The movement towards Wind 4.0 is succeeding in generating large volumes of data along the life cycle of wind turbines. For example:

  • Data can be collected before the turbine becomes operational
  • Regular inspections can deliver gigabytes of data in the form of high-resolution images of defects
  • Blade condition monitoring systems (CMS) like Sensoria™ can collect enormous amounts of data in the form of signals from different types of sensors
  • Data from Supervisory Control and Data Acquisition (SCADA) systems and weather stations can provide temperature, pressure, wind speed, and relative humidity.

This means that we are, in fact, data rich, but if these data are not processed intelligently, we could be “information poor.” To me, one of the most essential technological bottlenecks is how to turn data into actionable information that can be used to improve the performance of wind turbines without affecting the machine’s structural health.

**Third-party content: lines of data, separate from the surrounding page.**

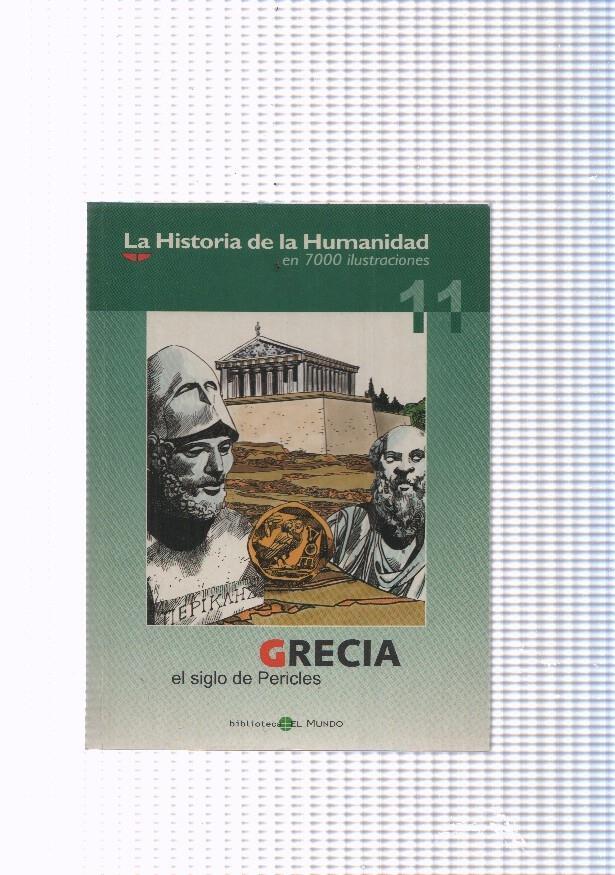 La historia de la humanidad numero 11: Grecia, el siglo de Pericles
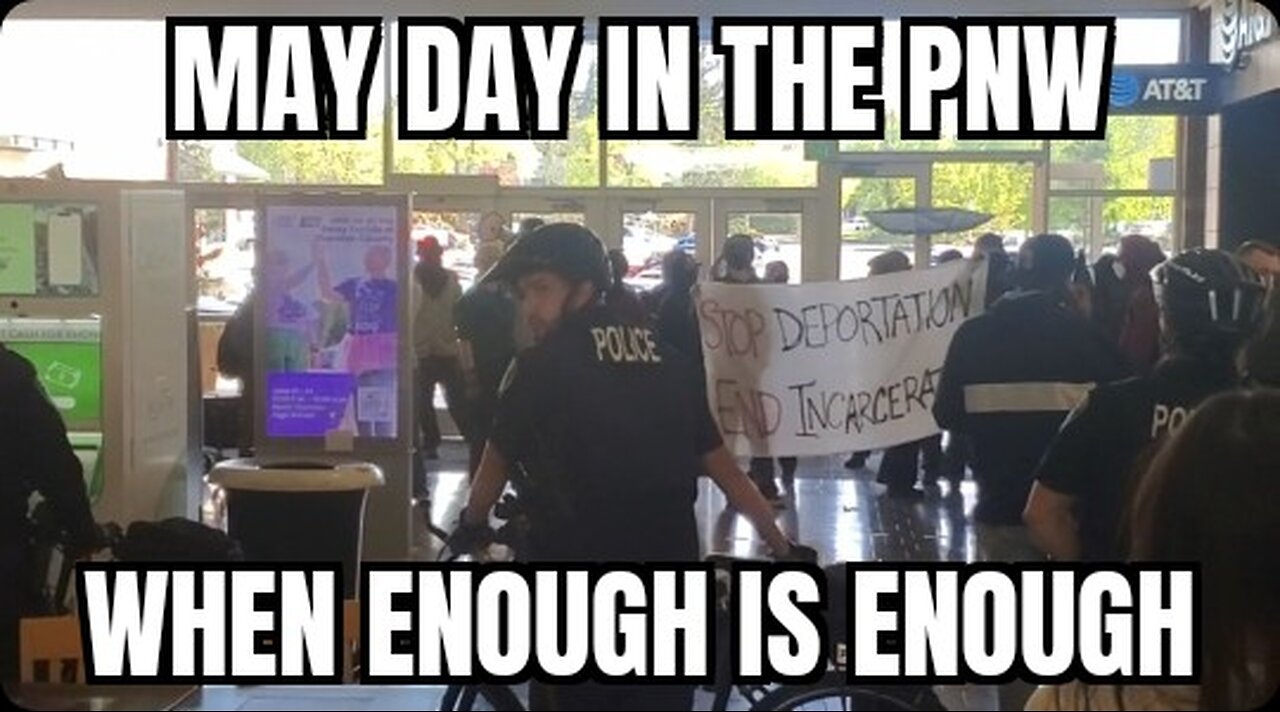 May Day in the Pacific Northwest: When Enough Is Enough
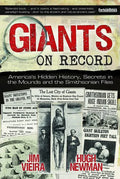 Giants on Record: America's Hidden History, Secrets in the Mounds and the Smithsonian Files - Paperback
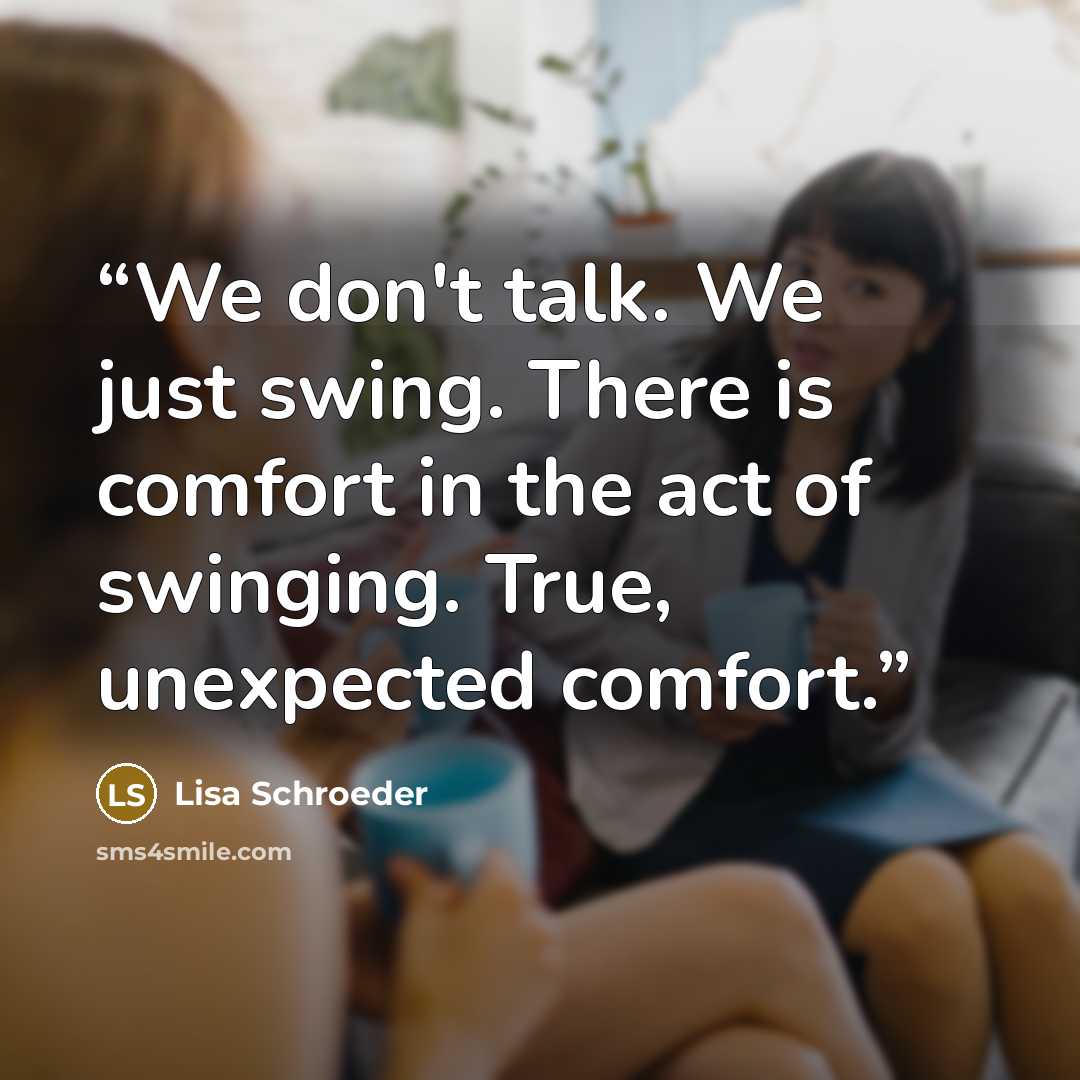 “We don't talk. We just swing. There is comfort in the act of swinging. True, unexpected comfort.” quote by Lisa Schroeder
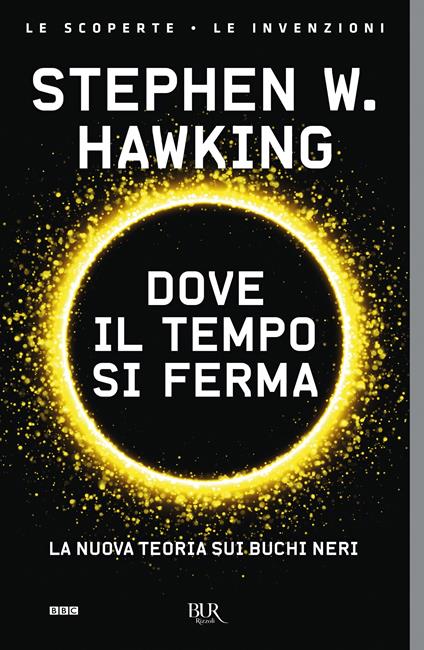 Dove il tempo si ferma. La nuova teoria sui buchi neri - Stephen Hawking,Daniele Didero - ebook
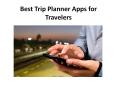 Best Trip Planner Apps for Travelers PowerPoint PPT Presentation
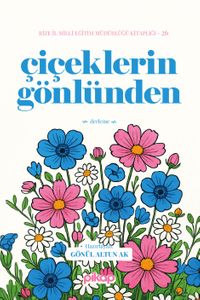 Çiçeklerin Gönlünden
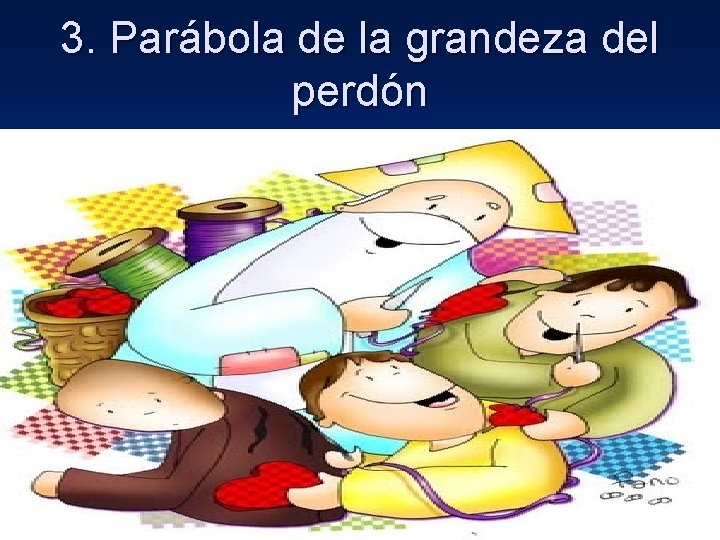 3. Parábola de la grandeza del perdón a 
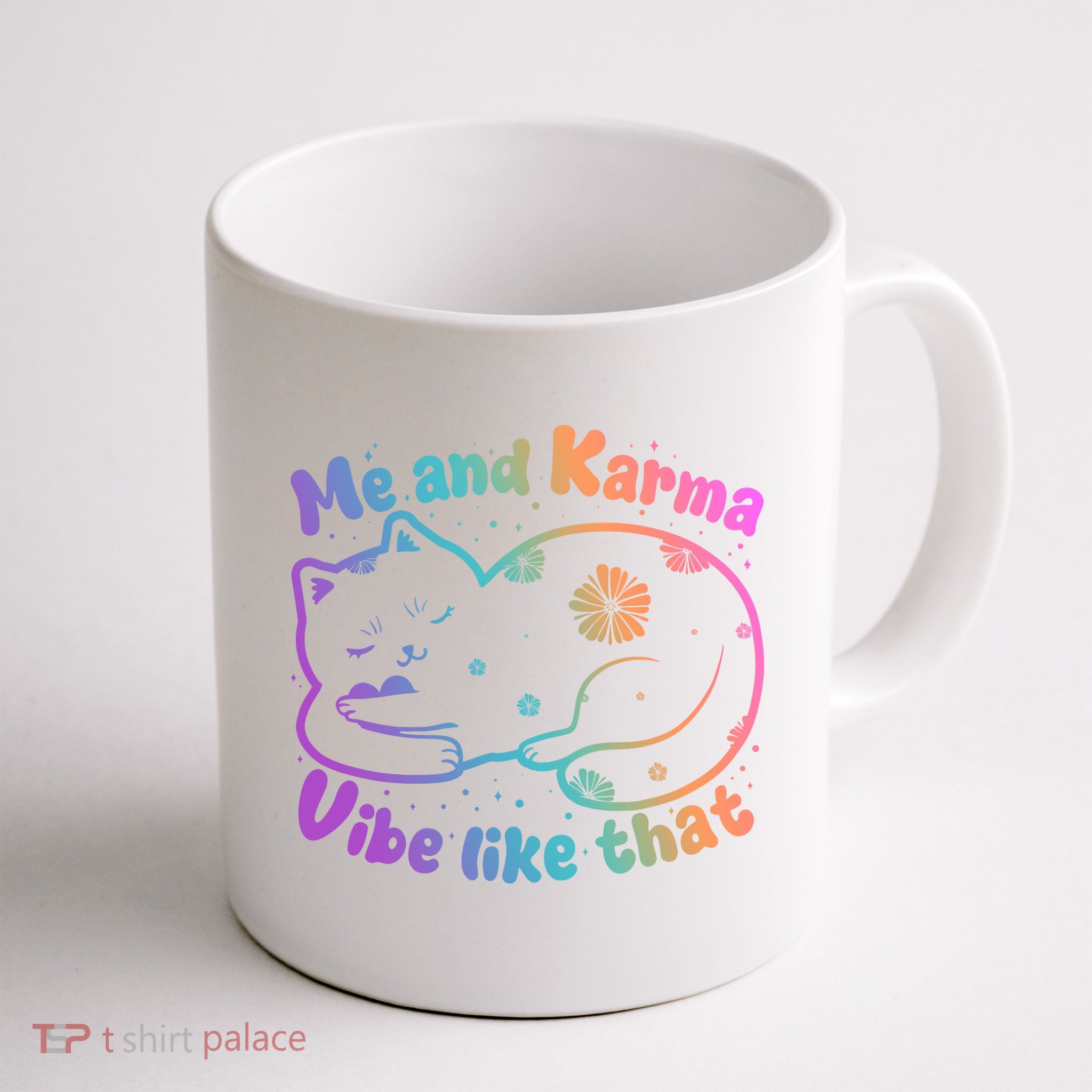 Me And Karma Vibe Like That Karma Kitty Cat Mug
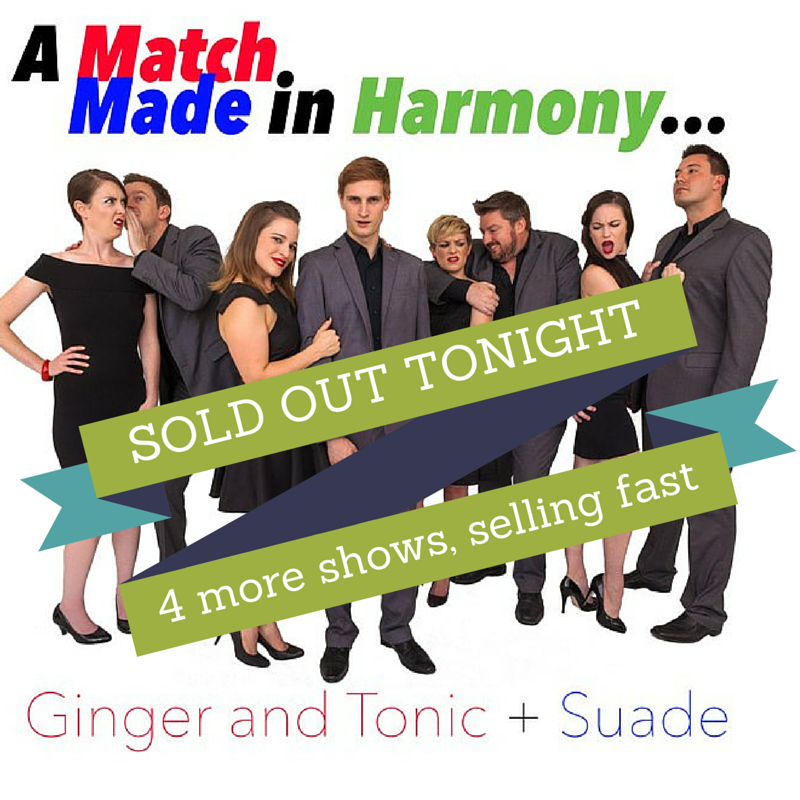 Congrats <a href="/Ginger_Tonic/">Ginger and Tonic</a> &amp; <a href="/suadevoices/">Suade</a> - Sold out "Match Made in Harmony" tonight - tix selling fast for other shows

What are your views about the transfer of solutions from other industries to renewable energy sources?

As I mentioned above, many solutions have been translated from industries like oil & gas and traditional power utilities to the renewable space, such as monitoring systems for wind turbine drive trains, non-destructive evaluation (NDE) techniques for rotor blade inspections, or remotely operated vehicles (ROVs) for offshore turbines’ below water components. Another example is the technology developed for the construction of offshore oil rigs that is now used to deploy substantial offshore wind turbines, and the techniques developed in the deployment of floating offshore platforms that are being adapted to build floating wind turbines. This is a natural phenomenon in technological evolution that avoids “reinventing the wheel” and accelerates the development of the wind industries.

Are wind-industry related skills/competencies needed in other industries to trigger the adaptation of good solutions for the wind industry?

We have seen a lot of migration of technical people with oil & gas expertise to the wind industry lately. This phenomenon has a positive effect as long as it is clear that critical aspects of the wind industry are not encountered anywhere else. Educating these highly-skilled people in those idiosyncrasies is important so that they can develop sound solutions for the wind industry.